Recent polls in Colorado, Nevada and Arizona have found similar distaste for Clinton.
"She's carrying huge negatives out here," said Floyd Ciruli, an independent Colorado pollster who said Democratic congressional candidates would have to highlight their differences with the national party to be successful next year. "It's that liberal East Coast image that is so hard to sell in the West."
One key advisor to a prominent Democratic congressional candidate, who asked not be to identified discussing tensions within the party, went even further. "It's a disaster for Western Democrats," he said. "It keeps me up at night."
I think that Democrats will have a hard time defending Hillary in many swing regions. but I'm keeping my powder dry until I see how the Republican nominee fares. If it's Giuiani, I'm not sure that he will do appreciably better. Still, this is encouraging. Pair it with CQ's finding that Republicans appear to be sitting pretty in the South next cycle, and I'm not dreading a Hillary candidacy.

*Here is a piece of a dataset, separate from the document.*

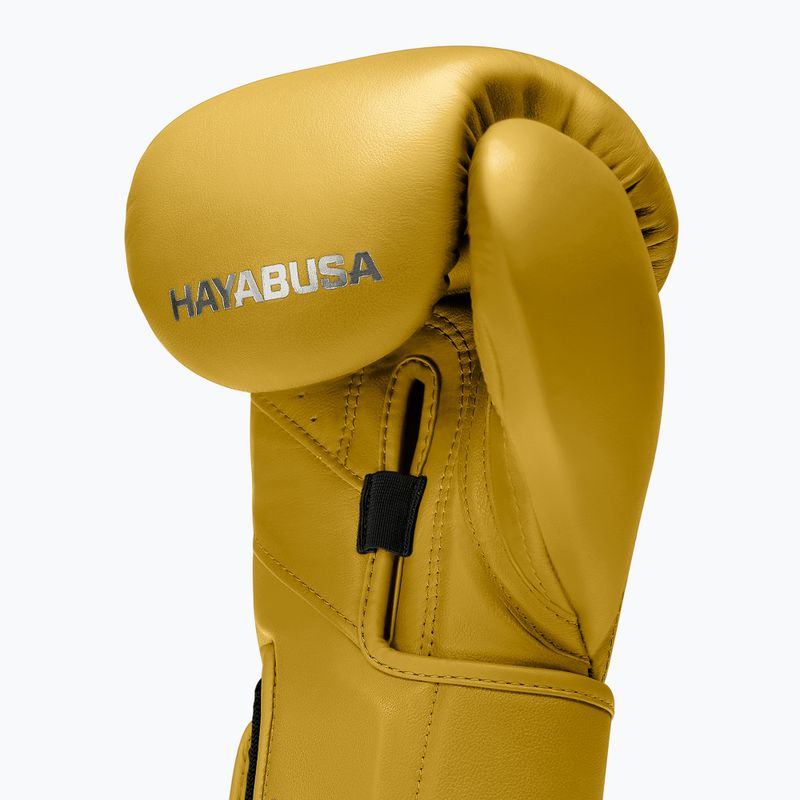 Рукавиці боксерські Hayabusa T3 Kanpeki tiger yellow 4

File this alongside the other stories that I and others have cited about the worry that down-ticket candidates have about running with Hillary. Also, which Democratic campaigns may be helping [lace these stories? After all, with her Democratic rivals seemingly unable to chip away at her lead, these independent stories about her high negatives and reverse coattails are the only drag on her candidacy right now.
On a sidenote, do LA Times reporters get credit for silly statements? They attempt to demonstrate Montana Governor Schweitzer's willingness to take a stand for civil liberties -- in implicit contrast to President Bush:
Perhaps no one is more of a poster child for that success than Montana's colorful governor, Brian Schweitzer. Three years ago, Schweitzer became the darling of Democratic politicos when he swaggered into office with a dog and a pair of cowboy boots.
Schweitzer, a cattle rancher and the grandson of homesteaders, is no Democrat in name only. He is a proponent of energy conservation and environmental regulation. He favors abortion rights. And while the Bush administration was pushing to expand surveillance powers with the Patriot Act, Schweitzer pardoned 78 Montanans, most of them German immigrants, who had been convicted of sedition during World War I.
Wow. Montana has a governor willing to take a bold stand in favor of those who might sympathize with Kaiser Wilhelm! I'm impressed.